Yes, there will be a number of students where both companies will cost the same. At 55 students, it will cost \$570 for both companies. I got this answer by putting an equal sign between each equation. I then solved for x. I did this by cancelling out one of the x values. Next I cancelled out the 20 and subtracted 20 from 61.25. Finally, I divided .75x and 41.25 by .75 to get 55.

## If you only have a budget of \$1000 for food, how many people, maximum, would you be able to have at the 7th Grade Blowout for each company?

If I only had a \$1,000 budget, 98 people, maximum would be able to come for Burger Bonanza. However, 101 people, maximum would be able to come for Pizza Palace. You can not have a fraction or decimal as part of you answer because you can not have part of a person go to the party.

## Bounce House

Jumvinbpin' Jack's Equation: y=54x+84

Hoppin' Around Equation: y=75x

Point of Intersection: At 4 hours, both companies will cost \$300.

## Proposed Plan

If the party lasts 0-4 hours, Hoppin' Around would be better. It would be cheaper to use that company. If the party lasts more than 4 hours, Jumpin' Jack's would be better.

## Describe how you created each equation.

I looked at the flyers to create each equation. For Hoppin' Around, it said it cost \$75/hour. I knew the \$75 would be the rate of change. I also knew the x would be the amount of hours. From this information, I got the equation y=75x. For Jumpin' Jack's I knew it cost \$54 per hour. I knew that would be the rate of change and the number of hours would be the x. I also noticed there was an \$84 set up/removal fee. I knew the set up and removal fee would be the y intercept. Based on this information, I got y=54x+84 as the equation.

## Will there ever be a number of students where both companies will cost the same?

Yes, there will be a number of students where both companies will cost the same. At 4 hours, it will cost \$300 for both companies.
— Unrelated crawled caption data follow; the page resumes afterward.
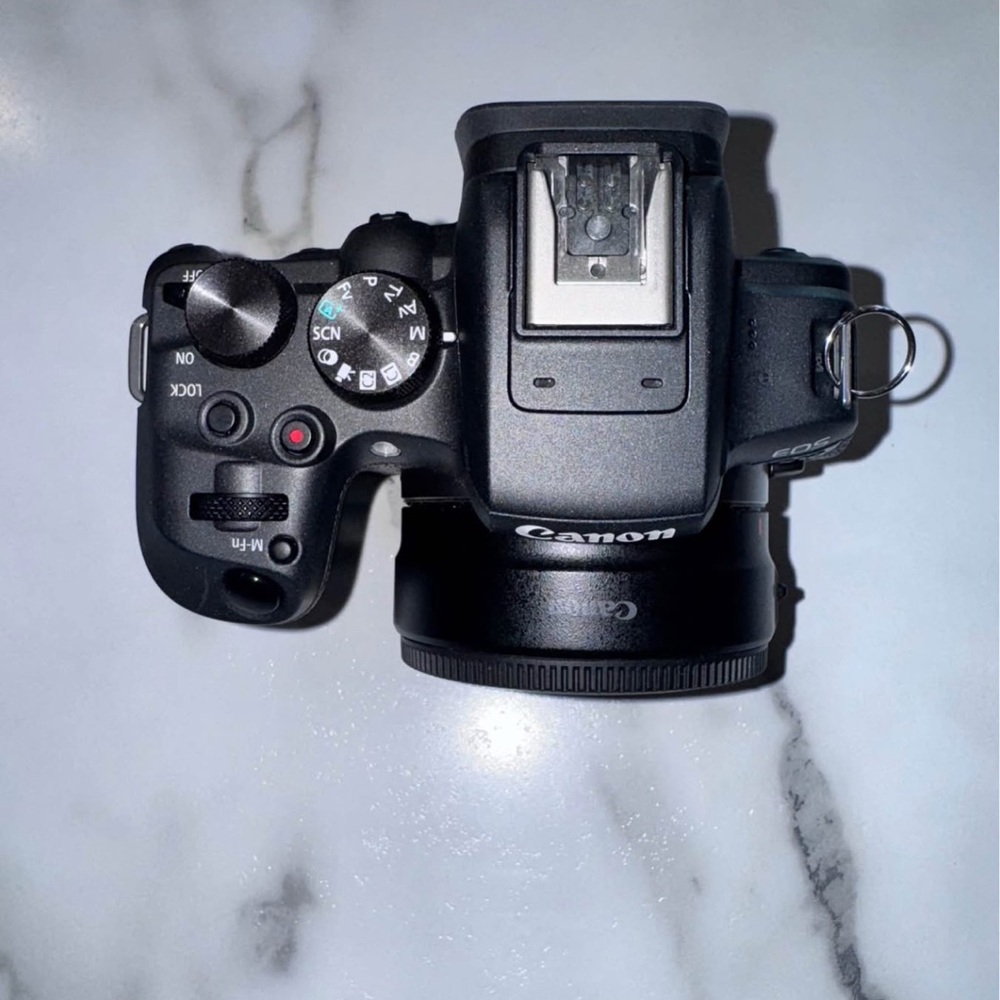 Canon EOS R10 - Picture 4 of 5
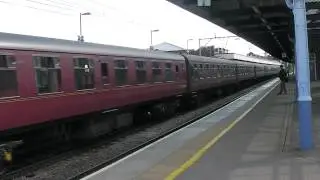 West Coast Railways Class 47760 TnT 47500 coasts through Romford working 1Z70, The Easterling.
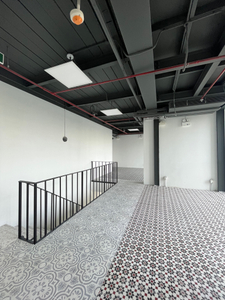 IMG_4056.HEIC Shop-house Vinhomes Golden River nội thất cơ bản diện tích 140m²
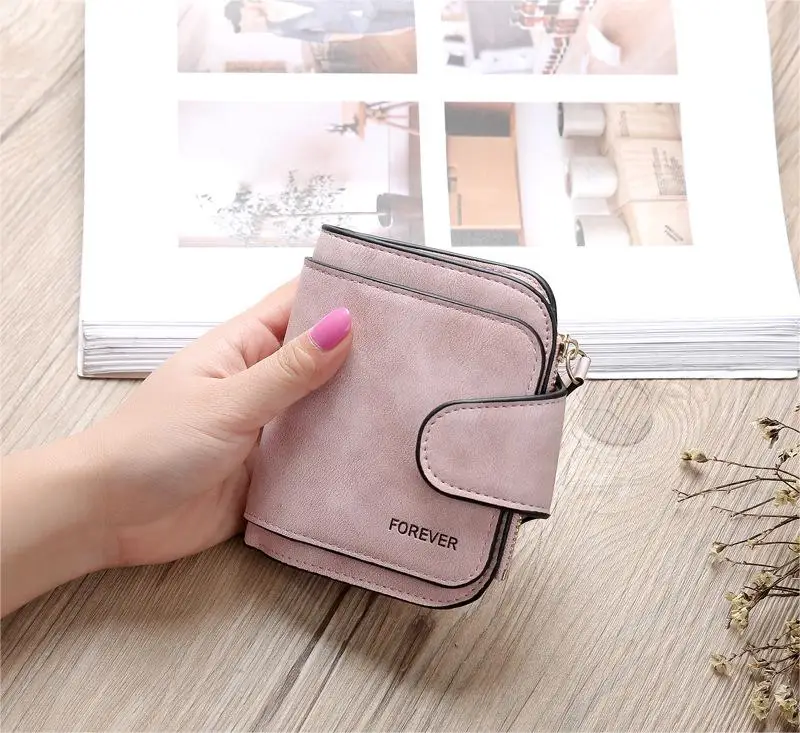 Three Discount Magnetic Wallet Multi-card Ladies Purse Wholesale Source Simple Short Solid Color PU Fashion Unisex Letter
I used the same steps as the previous one to figure this out.

## If you only have a budget of \$750 for the bounce house, how many hours, maximum, would you be able to have at the 7th Grade Blowout for each company?

If I only have a \$750 budget, about 12.33 hours, maximum, for Jumpin' Jack's. If I were using Hoppin' Around, I would be able to have 10 hours of the bounce house. You can have a decimal/fraction as part of my answer because you can have part of an hour.